··· Supplied records ···

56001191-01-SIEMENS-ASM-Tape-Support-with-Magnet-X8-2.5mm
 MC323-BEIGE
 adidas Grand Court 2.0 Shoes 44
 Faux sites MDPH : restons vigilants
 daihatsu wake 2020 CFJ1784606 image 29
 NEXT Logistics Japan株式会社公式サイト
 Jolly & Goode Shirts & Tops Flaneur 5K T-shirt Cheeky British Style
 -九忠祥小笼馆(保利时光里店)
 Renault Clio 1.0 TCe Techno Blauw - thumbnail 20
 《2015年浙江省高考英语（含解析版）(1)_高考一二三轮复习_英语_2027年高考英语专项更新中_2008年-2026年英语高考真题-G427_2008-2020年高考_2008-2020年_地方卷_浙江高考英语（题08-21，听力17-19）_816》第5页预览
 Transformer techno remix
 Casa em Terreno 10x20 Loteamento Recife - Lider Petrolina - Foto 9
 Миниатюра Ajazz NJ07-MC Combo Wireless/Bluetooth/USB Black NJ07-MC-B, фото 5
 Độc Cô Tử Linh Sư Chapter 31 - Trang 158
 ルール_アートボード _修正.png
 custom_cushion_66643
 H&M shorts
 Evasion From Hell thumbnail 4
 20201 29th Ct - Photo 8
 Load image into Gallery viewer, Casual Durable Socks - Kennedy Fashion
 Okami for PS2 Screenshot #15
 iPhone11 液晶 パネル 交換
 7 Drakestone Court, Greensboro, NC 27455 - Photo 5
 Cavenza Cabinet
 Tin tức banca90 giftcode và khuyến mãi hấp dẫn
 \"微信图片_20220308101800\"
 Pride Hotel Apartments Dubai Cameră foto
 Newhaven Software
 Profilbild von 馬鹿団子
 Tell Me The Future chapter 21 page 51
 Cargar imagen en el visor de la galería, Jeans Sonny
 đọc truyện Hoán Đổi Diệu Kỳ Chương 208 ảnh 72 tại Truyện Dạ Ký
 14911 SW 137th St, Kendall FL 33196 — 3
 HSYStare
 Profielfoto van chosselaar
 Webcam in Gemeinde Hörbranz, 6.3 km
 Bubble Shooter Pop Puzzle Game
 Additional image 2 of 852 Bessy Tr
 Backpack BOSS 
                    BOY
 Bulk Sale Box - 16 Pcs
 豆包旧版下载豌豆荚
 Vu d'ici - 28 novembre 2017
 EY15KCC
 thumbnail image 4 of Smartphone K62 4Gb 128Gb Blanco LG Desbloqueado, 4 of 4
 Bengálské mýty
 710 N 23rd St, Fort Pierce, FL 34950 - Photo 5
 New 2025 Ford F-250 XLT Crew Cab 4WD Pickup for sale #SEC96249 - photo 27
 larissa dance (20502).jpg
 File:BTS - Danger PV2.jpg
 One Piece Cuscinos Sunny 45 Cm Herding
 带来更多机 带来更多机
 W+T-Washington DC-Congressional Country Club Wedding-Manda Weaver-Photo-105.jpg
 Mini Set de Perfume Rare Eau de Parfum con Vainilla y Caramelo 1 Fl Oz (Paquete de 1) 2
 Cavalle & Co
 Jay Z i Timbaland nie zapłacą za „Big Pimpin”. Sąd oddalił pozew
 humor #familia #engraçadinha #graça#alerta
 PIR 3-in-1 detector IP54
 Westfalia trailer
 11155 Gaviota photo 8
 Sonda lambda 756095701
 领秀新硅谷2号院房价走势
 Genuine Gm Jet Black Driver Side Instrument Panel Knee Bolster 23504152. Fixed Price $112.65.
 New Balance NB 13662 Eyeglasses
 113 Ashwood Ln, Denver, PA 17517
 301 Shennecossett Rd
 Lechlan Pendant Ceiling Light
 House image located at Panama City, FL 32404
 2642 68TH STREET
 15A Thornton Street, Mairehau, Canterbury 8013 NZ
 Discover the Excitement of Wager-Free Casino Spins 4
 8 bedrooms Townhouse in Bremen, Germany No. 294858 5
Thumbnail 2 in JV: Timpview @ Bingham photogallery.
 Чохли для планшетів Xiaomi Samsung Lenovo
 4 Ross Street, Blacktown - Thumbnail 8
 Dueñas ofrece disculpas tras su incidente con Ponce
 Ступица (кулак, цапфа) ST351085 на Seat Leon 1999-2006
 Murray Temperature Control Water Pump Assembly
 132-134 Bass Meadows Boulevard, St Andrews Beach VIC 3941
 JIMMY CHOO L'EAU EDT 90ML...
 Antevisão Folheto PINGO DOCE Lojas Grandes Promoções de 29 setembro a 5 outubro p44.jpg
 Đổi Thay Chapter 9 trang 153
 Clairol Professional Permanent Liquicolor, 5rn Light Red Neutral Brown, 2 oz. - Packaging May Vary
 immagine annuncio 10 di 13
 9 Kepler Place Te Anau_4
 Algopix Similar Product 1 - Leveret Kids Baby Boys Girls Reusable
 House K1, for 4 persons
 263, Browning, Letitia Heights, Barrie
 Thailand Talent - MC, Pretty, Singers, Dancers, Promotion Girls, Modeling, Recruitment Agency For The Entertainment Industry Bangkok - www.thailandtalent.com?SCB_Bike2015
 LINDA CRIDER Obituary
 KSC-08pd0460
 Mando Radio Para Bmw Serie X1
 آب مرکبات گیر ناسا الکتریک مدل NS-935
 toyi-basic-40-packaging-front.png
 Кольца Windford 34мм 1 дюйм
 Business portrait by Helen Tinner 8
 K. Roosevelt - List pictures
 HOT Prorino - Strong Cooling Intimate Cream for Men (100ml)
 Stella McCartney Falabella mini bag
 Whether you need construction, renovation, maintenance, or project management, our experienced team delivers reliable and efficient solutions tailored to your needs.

···

An exact copy of the data is needed, running from its first line through the line that holds "W+T-Washington DC-Congressional Country", and nothing beyond that.

56001191-01-SIEMENS-ASM-Tape-Support-with-Magnet-X8-2.5mm
 MC323-BEIGE
 adidas Grand Court 2.0 Shoes 44
 Faux sites MDPH : restons vigilants
 daihatsu wake 2020 CFJ1784606 image 29
 NEXT Logistics Japan株式会社公式サイト
 Jolly & Goode Shirts & Tops Flaneur 5K T-shirt Cheeky British Style
 -九忠祥小笼馆(保利时光里店)
 Renault Clio 1.0 TCe Techno Blauw - thumbnail 20
 《2015年浙江省高考英语（含解析版）(1)_高考一二三轮复习_英语_2027年高考英语专项更新中_2008年-2026年英语高考真题-G427_2008-2020年高考_2008-2020年_地方卷_浙江高考英语（题08-21，听力17-19）_816》第5页预览
 Transformer techno remix
 Casa em Terreno 10x20 Loteamento Recife - Lider Petrolina - Foto 9
 Миниатюра Ajazz NJ07-MC Combo Wireless/Bluetooth/USB Black NJ07-MC-B, фото 5
 Độc Cô Tử Linh Sư Chapter 31 - Trang 158
 ルール_アートボード _修正.png
 custom_cushion_66643
 H&M shorts
 Evasion From Hell thumbnail 4
 20201 29th Ct - Photo 8
 Load image into Gallery viewer, Casual Durable Socks - Kennedy Fashion
 Okami for PS2 Screenshot #15
 iPhone11 液晶 パネル 交換
 7 Drakestone Court, Greensboro, NC 27455 - Photo 5
 Cavenza Cabinet
 Tin tức banca90 giftcode và khuyến mãi hấp dẫn
 \"微信图片_20220308101800\"
 Pride Hotel Apartments Dubai Cameră foto
 Newhaven Software
 Profilbild von 馬鹿団子
 Tell Me The Future chapter 21 page 51
 Cargar imagen en el visor de la galería, Jeans Sonny
 đọc truyện Hoán Đổi Diệu Kỳ Chương 208 ảnh 72 tại Truyện Dạ Ký
 14911 SW 137th St, Kendall FL 33196 — 3
 HSYStare
 Profielfoto van chosselaar
 Webcam in Gemeinde Hörbranz, 6.3 km
 Bubble Shooter Pop Puzzle Game
 Additional image 2 of 852 Bessy Tr
 Backpack BOSS 
                    BOY
 Bulk Sale Box - 16 Pcs
 豆包旧版下载豌豆荚
 Vu d'ici - 28 novembre 2017
 EY15KCC
 thumbnail image 4 of Smartphone K62 4Gb 128Gb Blanco LG Desbloqueado, 4 of 4
 Bengálské mýty
 710 N 23rd St, Fort Pierce, FL 34950 - Photo 5
 New 2025 Ford F-250 XLT Crew Cab 4WD Pickup for sale #SEC96249 - photo 27
 larissa dance (20502).jpg
 File:BTS - Danger PV2.jpg
 One Piece Cuscinos Sunny 45 Cm Herding
 带来更多机 带来更多机
 W+T-Washington DC-Congressional Country Club Wedding-Manda Weaver-Photo-105.jpg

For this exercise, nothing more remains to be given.